Background:
This is my homework for CS 540, a proof based graduate course in deep learning theory. The homework was designed by Prof. Telgarsky [Link to original problem set] Many of the proofs for this homework are regarding universal approximation and the limits of using networks to universally approximate functions.
Overview
- Show when universal approximation works well and when it doesn't
- a) Show that for any loss, the best neural network performs as well as the best continuous functions
- b) Show that bounding approximation error by 1-norm is not enough, and that a uniform norm is required. i.e. two functions may be close on average (1-norm), but if they are not bounded by a uniform norm (max), they could yield wildy different losses due to distribution of the data
- c) Show that functions that change infinitely like sin(x) cannot be approximated to bounded error
- d) Show the equivalence between a wide shallow network, and deep narrow network by construction
- General statements of universal approximation use a number of nodes proportional to the Lipschitz constant of the approximated function.
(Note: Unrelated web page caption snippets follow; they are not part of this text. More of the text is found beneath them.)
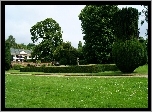 Park, Budynek, Drzewa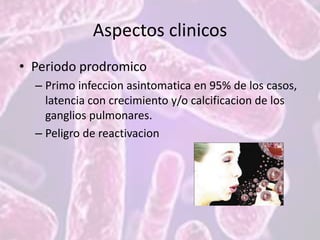 Aspectos clinicos
• Periodo prodromico
– Primo infeccion asintomatica en 95% de los casos,
latencia con crecimiento y/o calcificacion de los
ganglios pulmonares.
– Peligro de reactivacion
 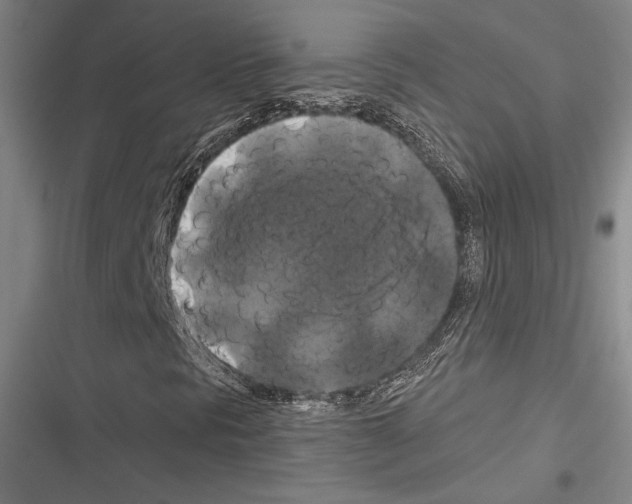 X0000116281297201001111027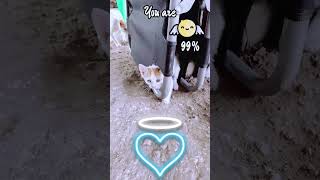 #dj #newmusic #cat #remix #beats #duet #asthetic #trend #short #memes #usa #voz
However, parts of the function that change less should use less nodes. This shows an adaptive construction for universal approximation.
- a) Show that bounded variation norm is less than Lipschitz norm
- b) Cases where bounded variation norm is much smaller than Lipschitz norm
- c) The adaptive construction which uses number of nodes proportional to BV-norm instead of Lipschitz constant
- d) Show that ReLU networks can also be used for the approximation
- Show that two data-points which are close together are hard to approximate. When first layer weights are initialized randomly, there is a high probability that to separate the two points, second layer weights need to be picked with very high norm(increasing complexity).
- Show various properties of approximation
- Approximation of functions is closed under single derivative and linear combination
- Approximation of functions is closed under multiple derivatives (induction)
- Monomials can be aproximated
- exp(x) can be approximated